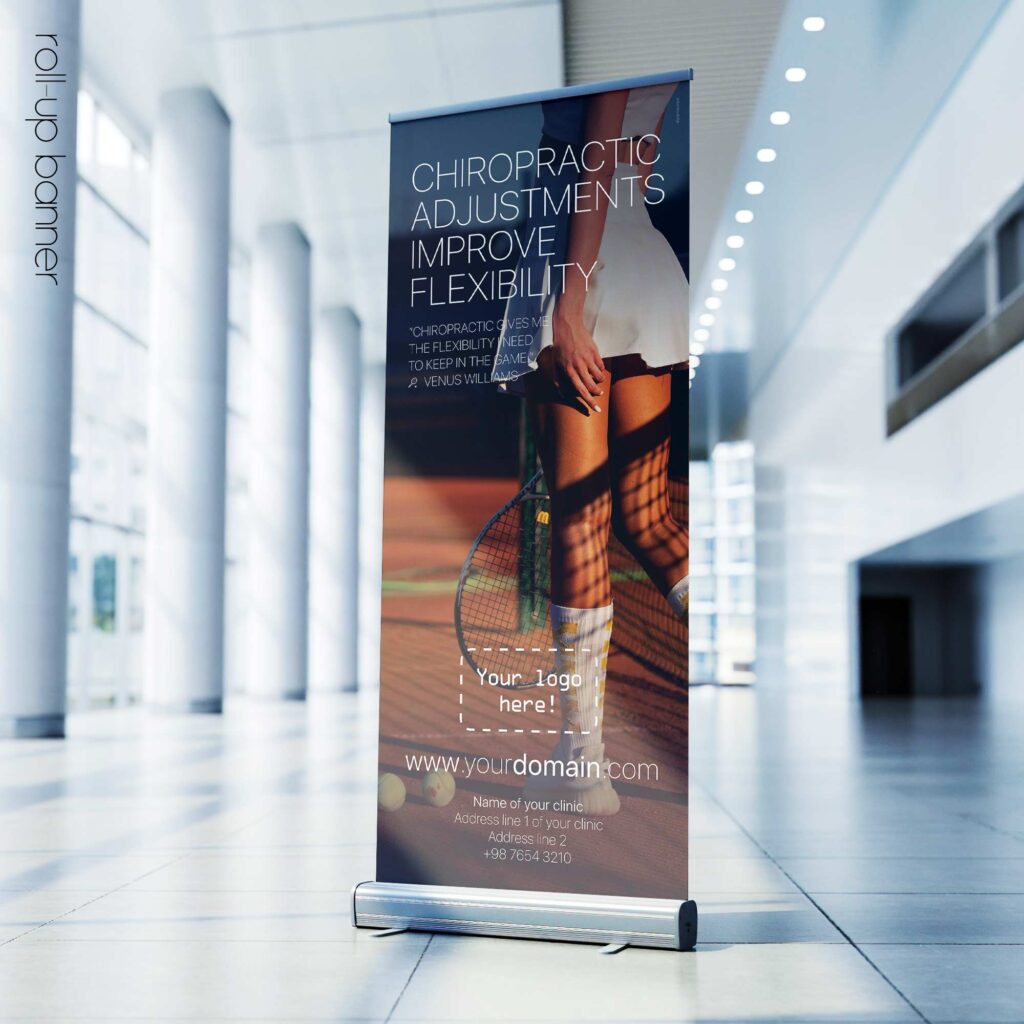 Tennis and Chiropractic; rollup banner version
□ □ □
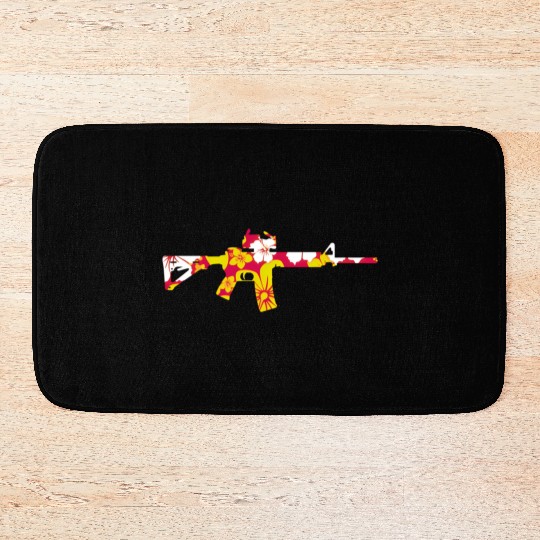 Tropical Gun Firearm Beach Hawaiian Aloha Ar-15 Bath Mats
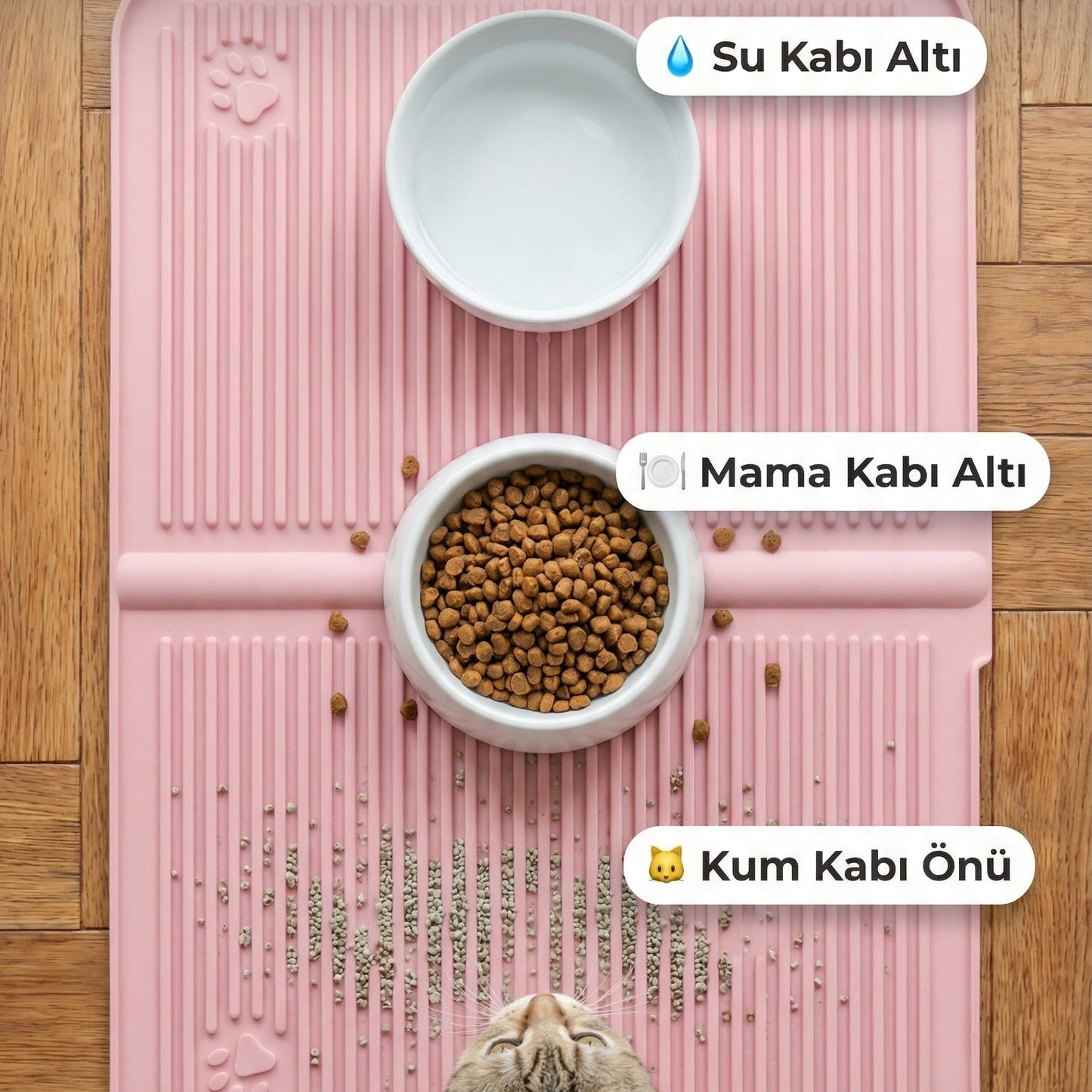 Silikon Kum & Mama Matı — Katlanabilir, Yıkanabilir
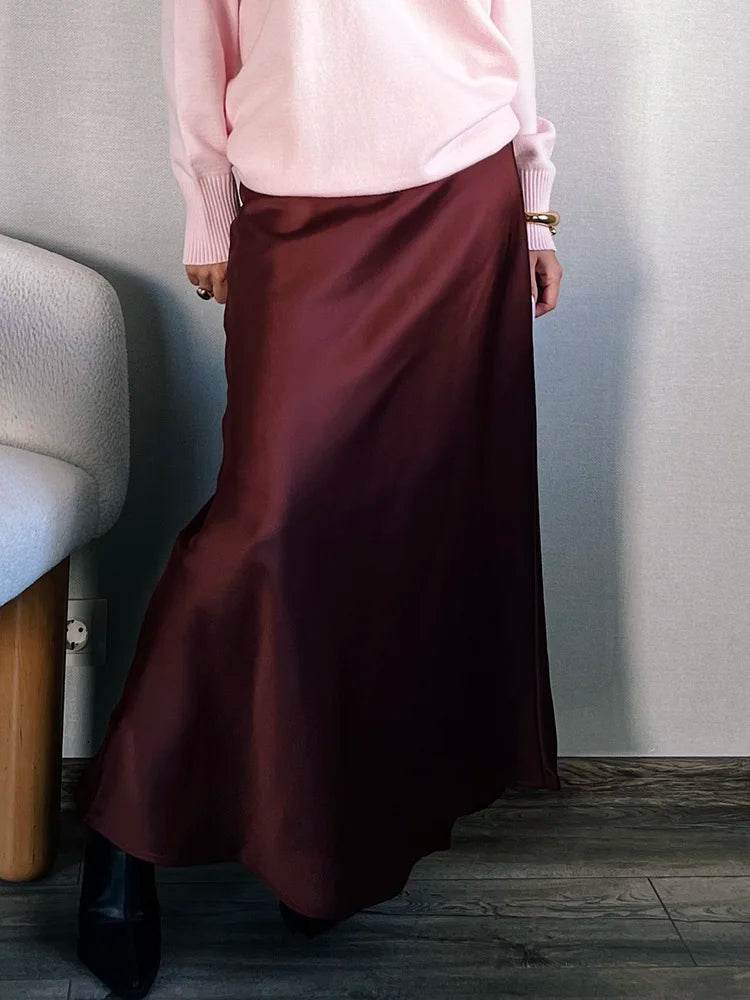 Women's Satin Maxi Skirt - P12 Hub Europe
□ □ □
WHAT IS BEING ASKED ▸ Above are some entries. Restate word for word the lines from the one holding "Tropical Gun Firearm" through the one holding "Women's Satin Maxi Skirt - P12 Hub Europe", but not the pictures.

ANSWER SPACE ▸
 Tropical Gun Firearm Beach Hawaiian Aloha Ar-15 Bath Mats
 Silikon Kum & Mama Matı — Katlanabilir, Yıkanabilir
 Women's Satin Maxi Skirt - P12 Hub Europe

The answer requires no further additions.